[Task requirements] Reproduce the data below in full and to the letter, images excepted.

[Information shown]
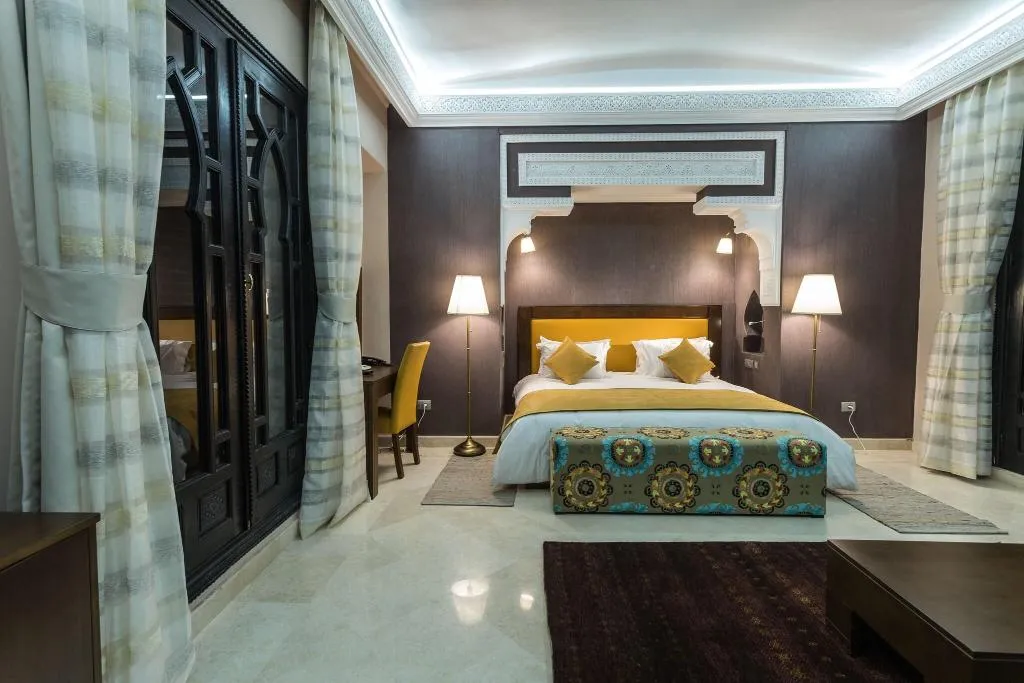Room, The Bird Exclusive Guest House & Spa, Marrakech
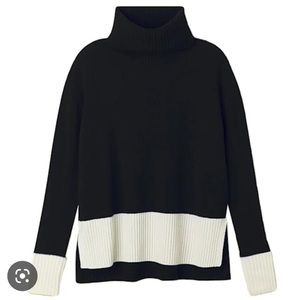 Summersalt wool & cashmere sweater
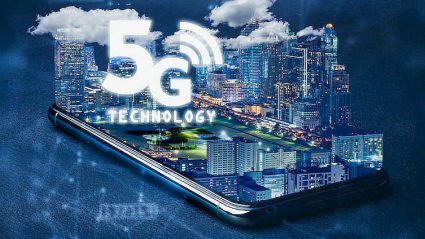 5G, technologia, smartfon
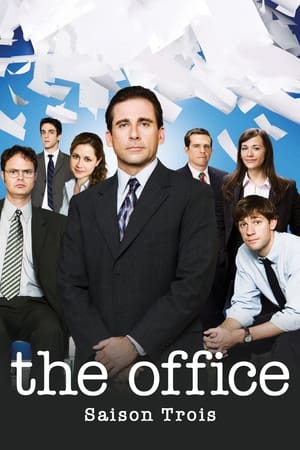 The Office saison 3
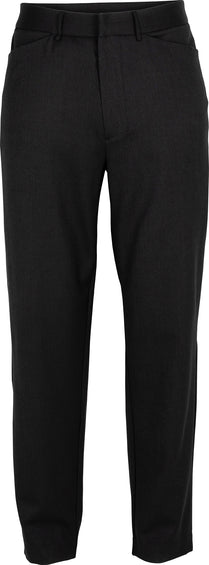 Icebreaker Pantalon extensible en mérinos City Label - Homme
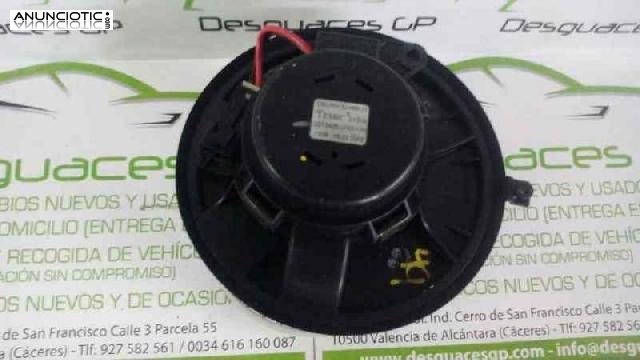 Motor calefaccion de renault vel satis 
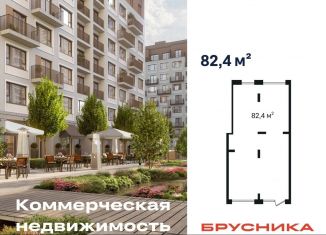 Помещение свободного назначения на продажу, 82.4 м2, Тюмень, улица Тимирязева, 8к1, Калининский округ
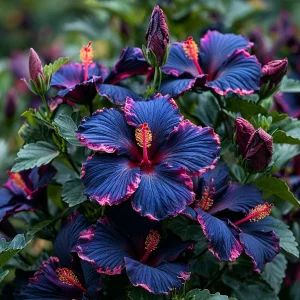 Гибискус Голден Глоу купить по цене от 259р. в интернет-магазине «Посадика» с доставкой почтой в в Мелеузе и по всей России – [изображение №1].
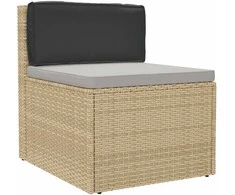 Pagalvėlė Juoda 80 x 40 x 12 cm Oksfordo audinys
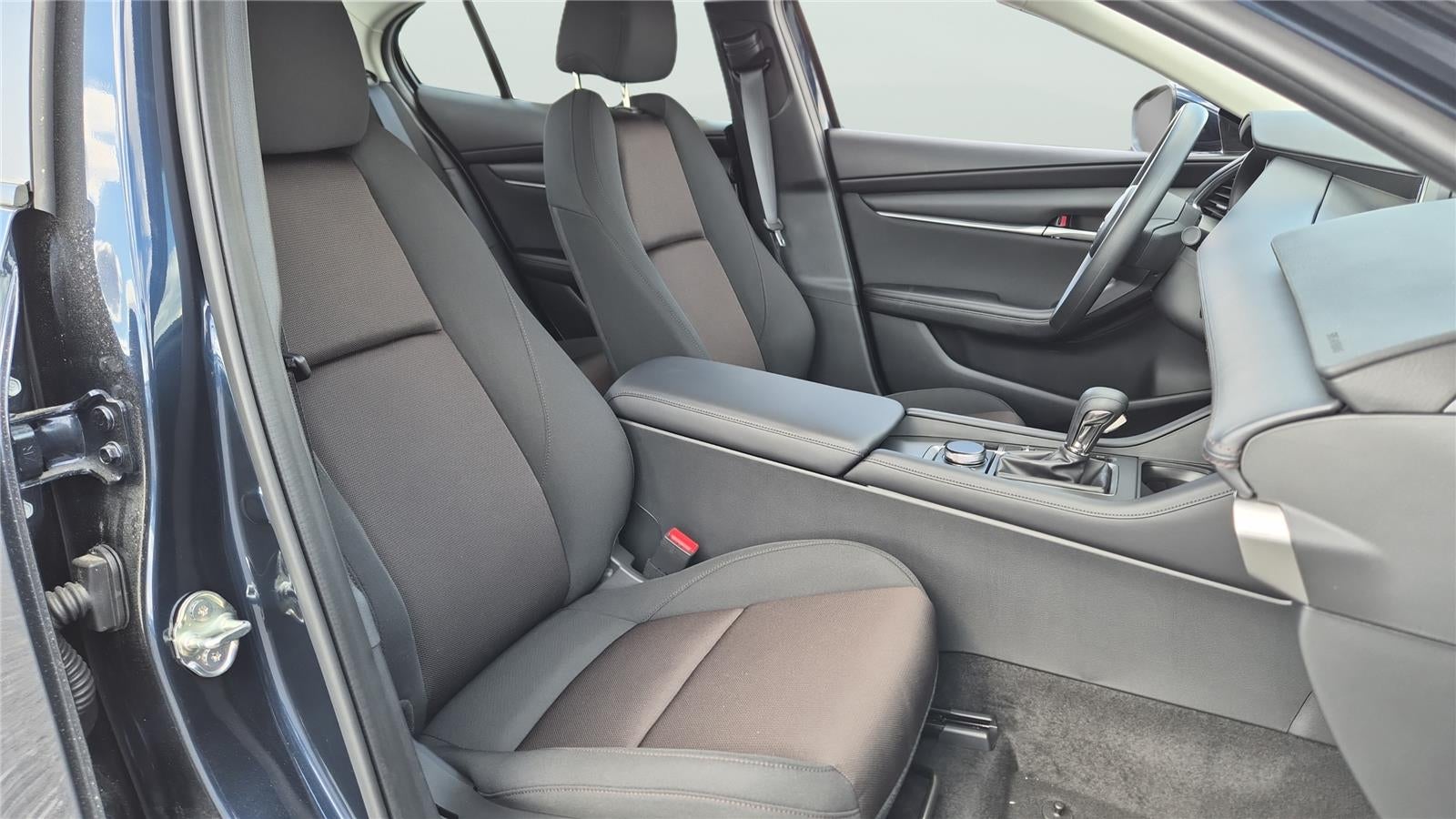 2026 Mazda Mazda3 Sedan 2.5 S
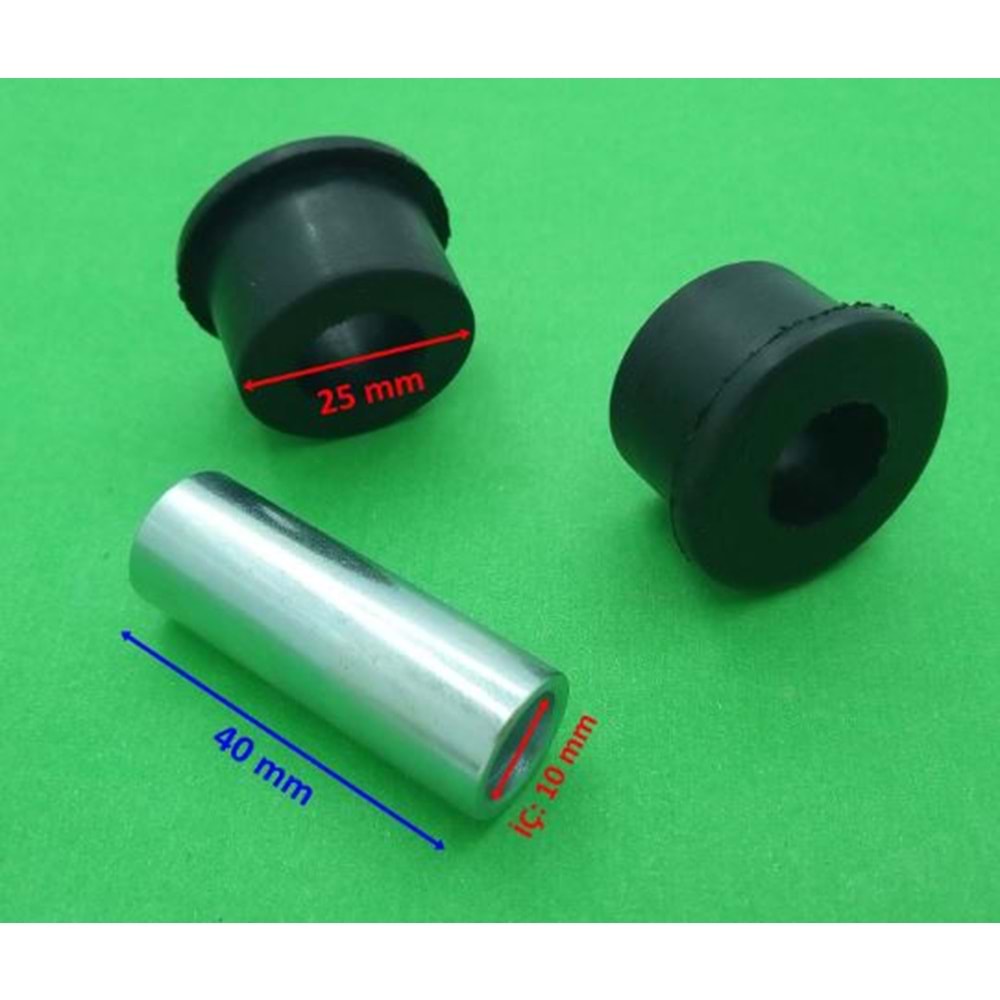 ÖN ALT SALINCAK BURCU 2Lİ ATV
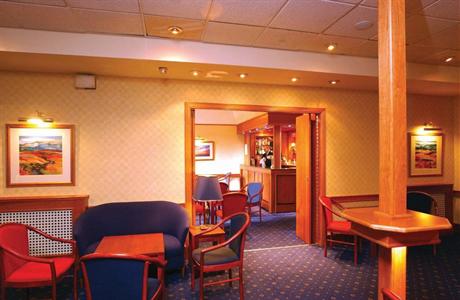 фото отеля BEST WESTERN Kings Manor Hotel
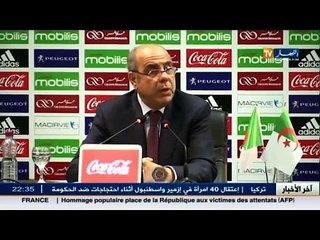 ستاد النهار - روراوة.. لاتسألوني عن قرباج وبطولته ولن أرحم بلايلي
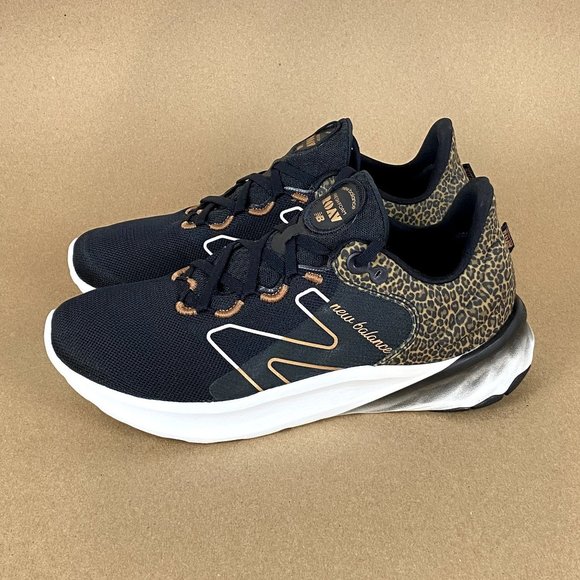 New Balance Shoes New Balance Fresh Foam Roav V2 Leopard Running
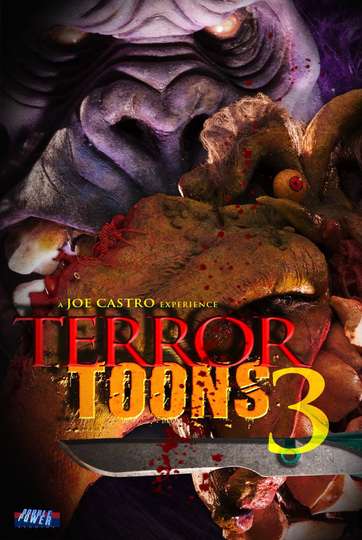 Terror Toons 3 Poster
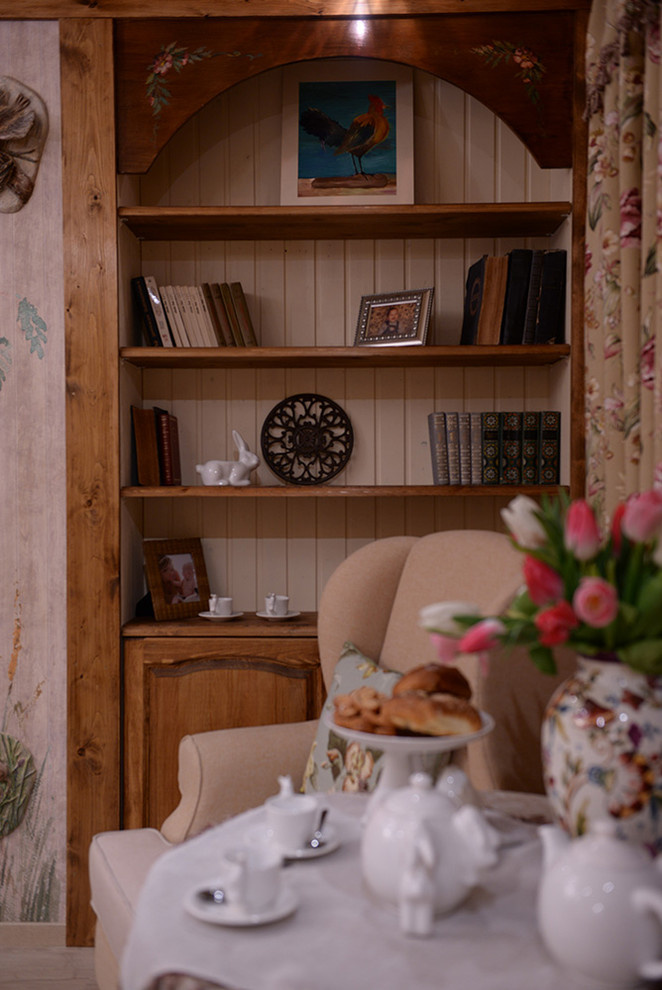 "Русский прованс" для передачи "Фазенда"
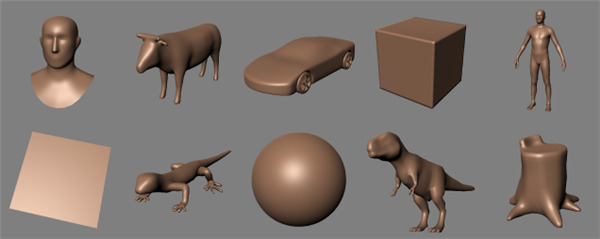 Autodesk Mudbox 2024官方版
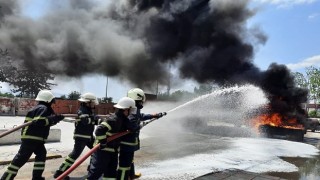 Yangınlara müdahale ekibi büyüyor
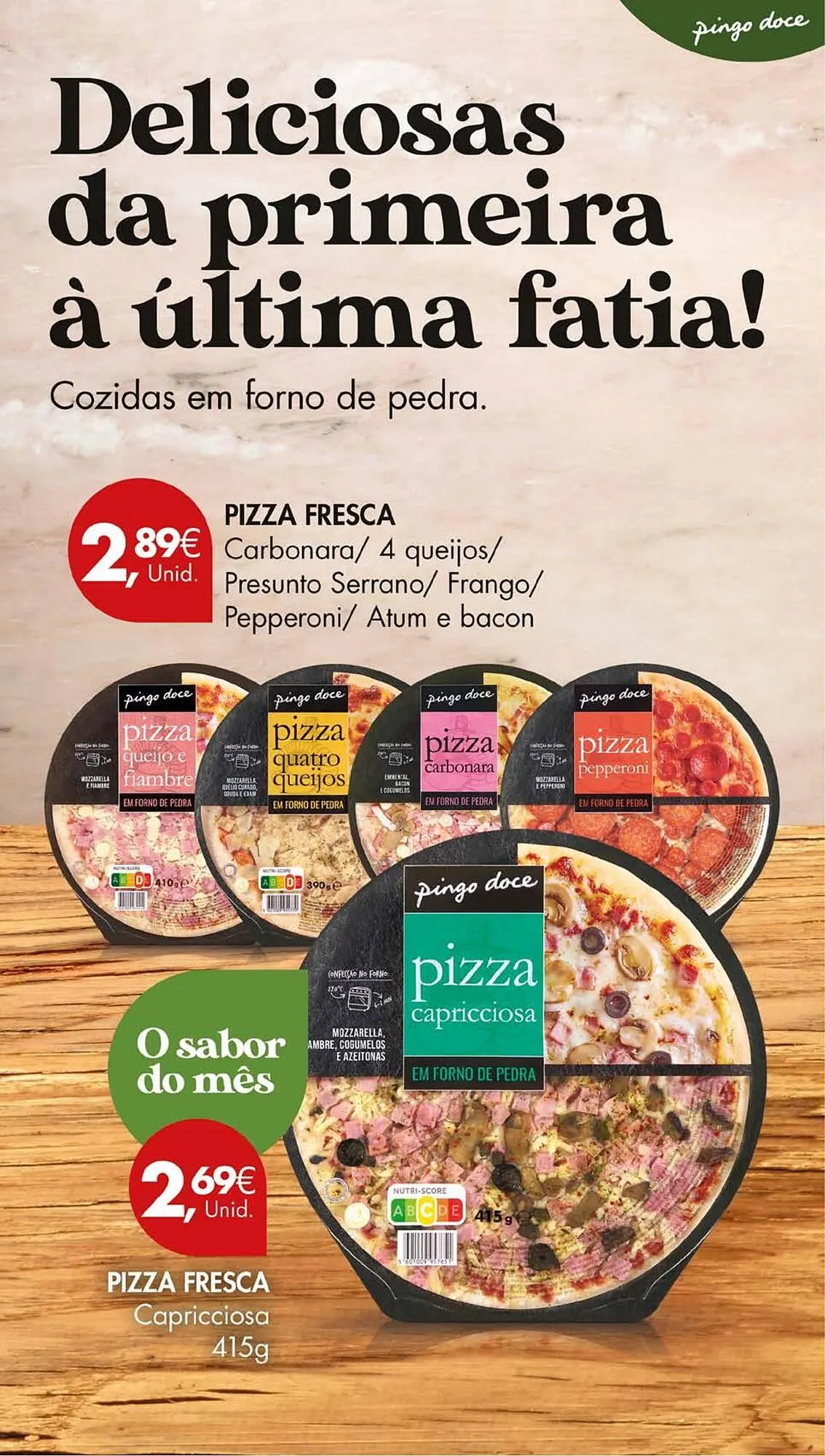 Folheto Folheto Pingo Doce de 11 de novembro até 17 de novembro 2025 - Pagina 29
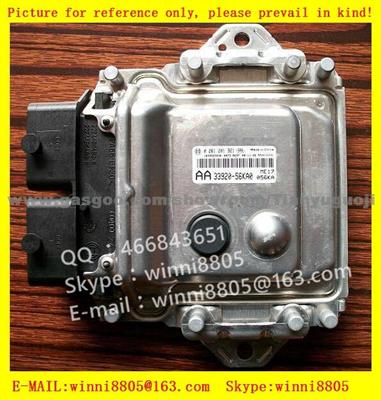 Car ECU（Electronic Control Unit） Suzuki Car 0261201921/33920-56KA0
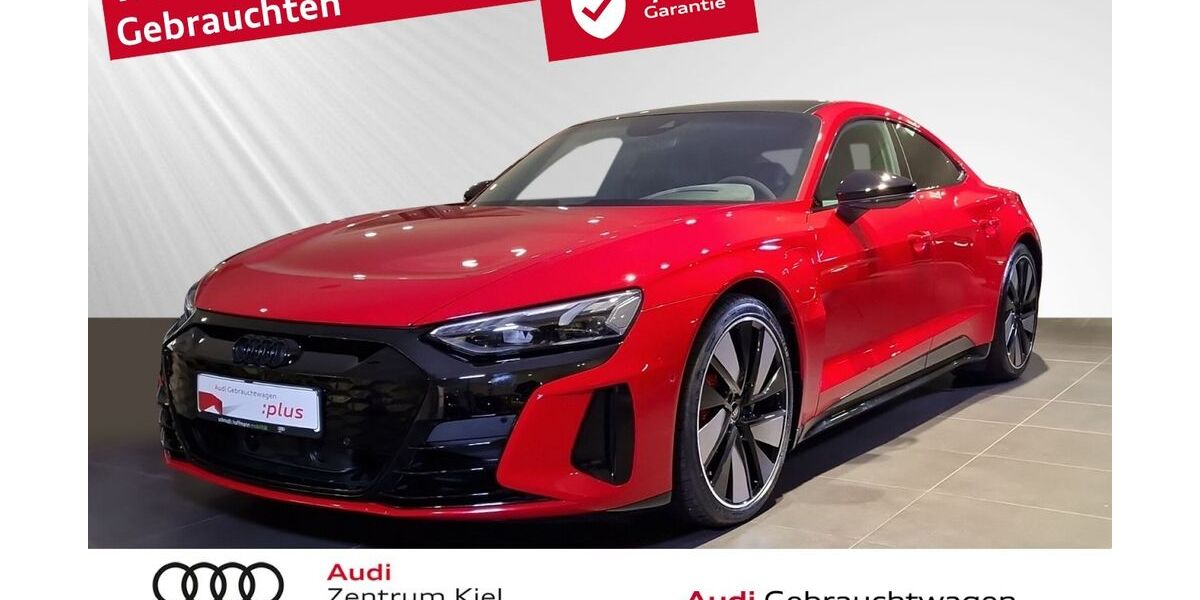 Audi RS e-tron GT 28.600 km 63.980 &euro; Kiel 24118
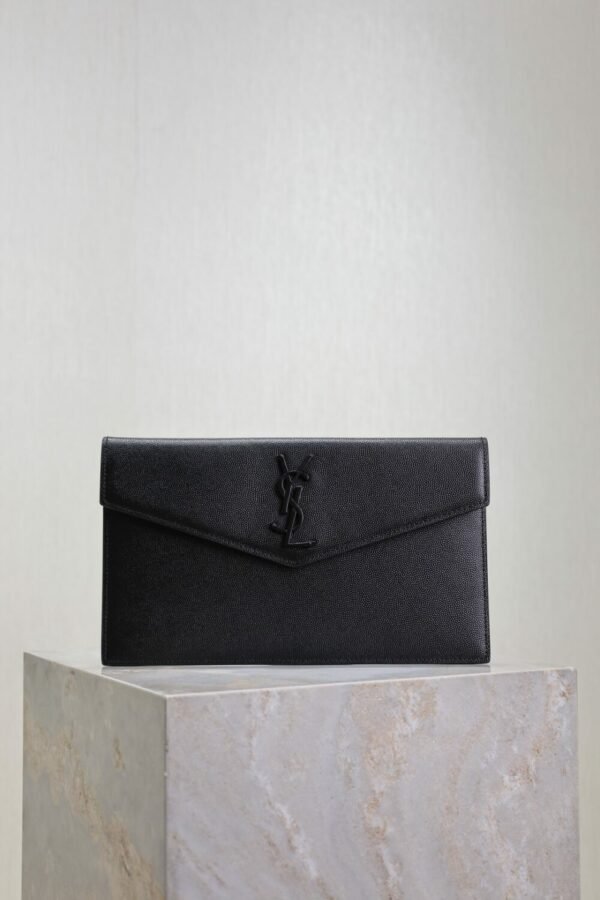YSSL YSL luxury for women handbag shoulder bag Uptown Clutch 27cm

[Solution to this exercise]
Room, The Bird Exclusive Guest House & Spa, Marrakech
 Summersalt wool & cashmere sweater
 5G, technologia, smartfon
 The Office saison 3
 Icebreaker Pantalon extensible en mérinos City Label - Homme
 Motor calefaccion de renault vel satis 
 Помещение свободного назначения на продажу, 82.4 м2, Тюмень, улица Тимирязева, 8к1, Калининский округ
 Гибискус Голден Глоу купить по цене от 259р. в интернет-магазине «Посадика» с доставкой почтой в в Мелеузе и по всей России – [изображение №1].
 Pagalvėlė Juoda 80 x 40 x 12 cm Oksfordo audinys
 2026 Mazda Mazda3 Sedan 2.5 S
 ÖN ALT SALINCAK BURCU 2Lİ ATV
 фото отеля BEST WESTERN Kings Manor Hotel
 ستاد النهار - روراوة.. لاتسألوني عن قرباج وبطولته ولن أرحم بلايلي
 New Balance Shoes New Balance Fresh Foam Roav V2 Leopard Running
 Terror Toons 3 Poster
 "Русский прованс" для передачи "Фазенда"
 Autodesk Mudbox 2024官方版
 Yangınlara müdahale ekibi büyüyor
 Folheto Folheto Pingo Doce de 11 de novembro até 17 de novembro 2025 - Pagina 29
 Car ECU（Electronic Control Unit） Suzuki Car 0261201921/33920-56KA0
 Audi RS e-tron GT 28.600 km 63.980 &euro; Kiel 24118
YSSL YSL luxury for women handbag shoulder bag Uptown Clutch 27cm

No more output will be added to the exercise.